- [WHAT IS EXPECTED]: Find the string "piece" in the records. Copy every line it appears in.

= Beginning of Section =

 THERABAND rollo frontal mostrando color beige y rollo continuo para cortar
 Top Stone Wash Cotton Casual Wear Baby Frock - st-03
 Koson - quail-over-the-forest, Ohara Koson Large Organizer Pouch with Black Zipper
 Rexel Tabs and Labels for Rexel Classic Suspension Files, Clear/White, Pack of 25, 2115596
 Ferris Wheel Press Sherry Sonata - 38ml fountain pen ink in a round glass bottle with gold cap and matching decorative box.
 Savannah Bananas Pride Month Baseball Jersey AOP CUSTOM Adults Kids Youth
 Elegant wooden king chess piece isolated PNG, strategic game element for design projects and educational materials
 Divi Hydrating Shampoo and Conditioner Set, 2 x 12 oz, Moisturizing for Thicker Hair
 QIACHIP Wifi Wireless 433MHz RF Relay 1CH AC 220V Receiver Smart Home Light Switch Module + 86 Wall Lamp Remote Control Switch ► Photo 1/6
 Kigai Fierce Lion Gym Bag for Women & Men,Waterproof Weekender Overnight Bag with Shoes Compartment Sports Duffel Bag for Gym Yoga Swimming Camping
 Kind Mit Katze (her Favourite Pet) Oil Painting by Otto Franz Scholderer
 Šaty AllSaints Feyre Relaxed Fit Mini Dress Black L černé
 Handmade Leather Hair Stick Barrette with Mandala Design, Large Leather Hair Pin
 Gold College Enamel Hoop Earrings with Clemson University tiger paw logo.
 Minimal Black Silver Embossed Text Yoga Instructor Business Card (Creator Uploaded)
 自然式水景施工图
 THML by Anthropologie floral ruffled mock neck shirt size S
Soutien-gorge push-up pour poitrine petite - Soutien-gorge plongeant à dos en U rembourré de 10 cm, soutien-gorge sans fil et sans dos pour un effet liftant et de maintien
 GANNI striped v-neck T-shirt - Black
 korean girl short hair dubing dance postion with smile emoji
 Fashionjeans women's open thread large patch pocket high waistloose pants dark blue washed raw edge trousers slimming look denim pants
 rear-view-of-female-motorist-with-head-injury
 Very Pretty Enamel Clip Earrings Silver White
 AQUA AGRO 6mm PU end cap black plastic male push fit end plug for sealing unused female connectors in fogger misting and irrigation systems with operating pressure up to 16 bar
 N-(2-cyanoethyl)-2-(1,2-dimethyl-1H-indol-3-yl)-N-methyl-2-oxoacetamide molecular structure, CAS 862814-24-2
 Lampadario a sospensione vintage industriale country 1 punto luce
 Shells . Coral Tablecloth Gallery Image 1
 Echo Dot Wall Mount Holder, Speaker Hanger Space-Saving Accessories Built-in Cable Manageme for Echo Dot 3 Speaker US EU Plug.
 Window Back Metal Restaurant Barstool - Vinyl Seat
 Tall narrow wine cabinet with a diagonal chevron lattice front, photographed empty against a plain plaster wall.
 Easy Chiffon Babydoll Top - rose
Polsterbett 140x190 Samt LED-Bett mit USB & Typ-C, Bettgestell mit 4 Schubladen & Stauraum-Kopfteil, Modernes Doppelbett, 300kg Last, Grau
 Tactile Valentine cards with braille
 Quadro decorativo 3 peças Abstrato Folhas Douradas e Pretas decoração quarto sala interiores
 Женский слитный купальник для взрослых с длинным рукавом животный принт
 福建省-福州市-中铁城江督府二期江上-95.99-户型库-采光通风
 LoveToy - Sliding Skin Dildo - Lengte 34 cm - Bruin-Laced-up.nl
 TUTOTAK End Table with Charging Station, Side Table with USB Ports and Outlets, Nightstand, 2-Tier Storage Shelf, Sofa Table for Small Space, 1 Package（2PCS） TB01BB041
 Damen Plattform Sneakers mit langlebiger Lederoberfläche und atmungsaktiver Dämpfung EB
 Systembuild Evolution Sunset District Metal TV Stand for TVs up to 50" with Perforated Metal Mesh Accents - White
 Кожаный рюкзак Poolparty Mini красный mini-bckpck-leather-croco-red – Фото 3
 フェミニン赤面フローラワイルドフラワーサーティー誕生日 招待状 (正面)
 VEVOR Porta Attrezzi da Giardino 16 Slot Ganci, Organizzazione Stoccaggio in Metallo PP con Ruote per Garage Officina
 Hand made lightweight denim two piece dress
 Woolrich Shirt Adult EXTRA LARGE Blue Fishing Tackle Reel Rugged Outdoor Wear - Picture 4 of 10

= End of Section =

- [SOLUTION FOR THIS TASK]:
 Elegant wooden king chess piece isolated PNG, strategic game element for design projects and educational materials
 Hand made lightweight denim two piece dress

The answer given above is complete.